Thoughts of John

What is on my mind.

Gordon D. Fee and Douglas Stuart. How to Read the Bible for All Its Worth. 3rd ed. Grand Rapids, MI: Zondervan Publishing House, 2003. 288 pp. (Kindle Edition) $8.99.

Gordon D. Fee is Professor Emeritus of New Testament Studies at Regent College. Douglas K Stuart is Professor of Old Testament at Gordon-Conwell Theological Seminary. Fee and Stuart in the book How to Read the Bible for All Its Worth give a set of guidelines for different genres of the Bible on how to interpret those genres. Each genre of the Bible does have its own structure that needs to be interpreted differently. Fee and Stuart give a very well thought out general understanding on how to interpret each genre.
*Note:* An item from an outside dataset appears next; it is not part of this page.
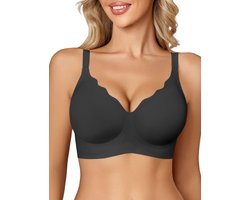Draadloze jelly-bh's voor dames, push-up bralette met volledige dekking, bh zonder beugel, comfortabele naadloze T-shirt-bh voor elke dag(L）.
It is important to know that everyone who reads the Bible is also an interpreter of the Bible. As a person reads the Bible the assumption is made that a person understands what is being read. As a person reads a given text of the Bible it is being interpreted with all of one’s culture, experience, and preconceived ideas and understandings. All of these presuppositions can cloud the interpreter’s understanding of the given text. The understanding may be different than what the author intended.[1]

The Bible is a very unique book of literature. It is God’s word written to all of mankind. It is written by sixty-six different authors over a span of thousands of years. The Bible message does not change from author to author throughout the whole Bible. The significance to all of this is the eternal consequences of the Bible. “One of the most important aspects of the human side of the Bible is that, in order to communicate his Word to all human conditions. God chose to use almost every available kind of communication: narrative history, genealogies, chronicles, laws of all kinds, poetry of all kinds, proverbs, prophetic oracles, riddles, drama, biographical sketches, parables letters, sermons, and apocalypses. God used these forms of communication through different kinds of cultural backgrounds and different times in human history.”[2]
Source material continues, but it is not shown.